Your instructions >>
Print the whole listing again exactly as it stands, leaving out any images.

Dataset section >>

__________________________________________________

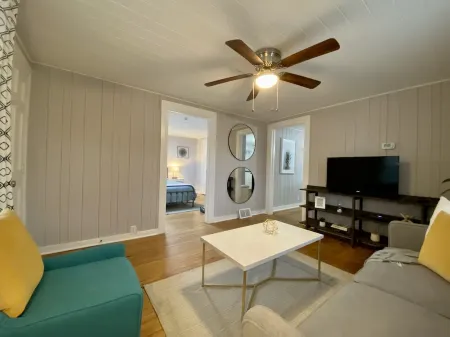 Quaint 2 bed 1 bath cottage style home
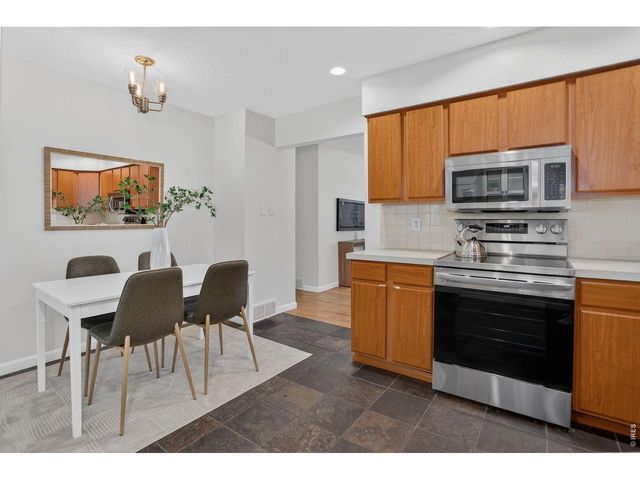 1089 S Coffman St, Longmont, CO 80501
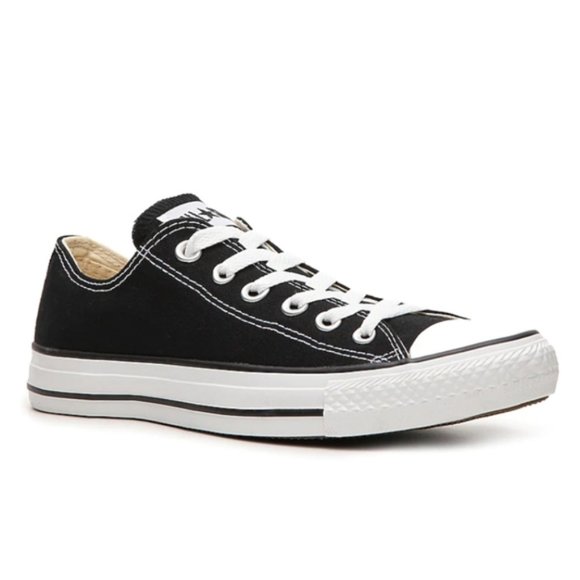 Converse Chuck Taylor All Star Low Top Sneakers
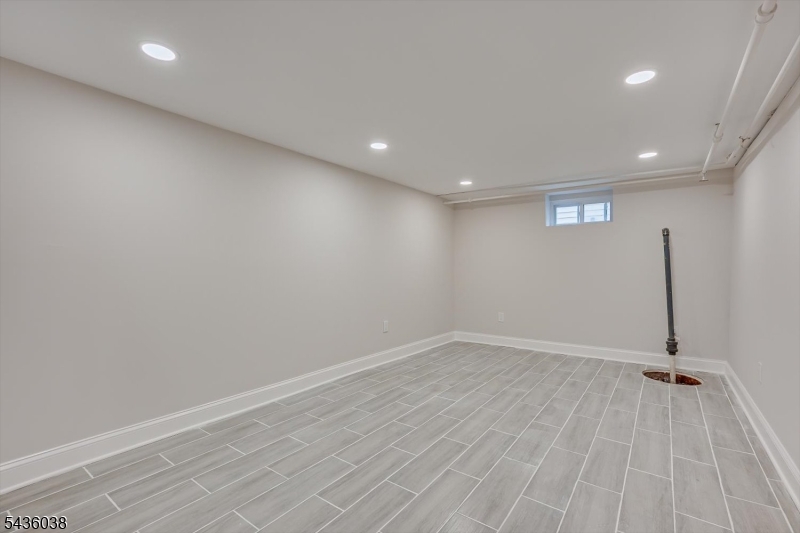 311 W 3rd Avenue Roselle NJ 07203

__________________________________________________

The completed task >>
 Quaint 2 bed 1 bath cottage style home
 1089 S Coffman St, Longmont, CO 80501
 Converse Chuck Taylor All Star Low Top Sneakers
 311 W 3rd Avenue Roselle NJ 07203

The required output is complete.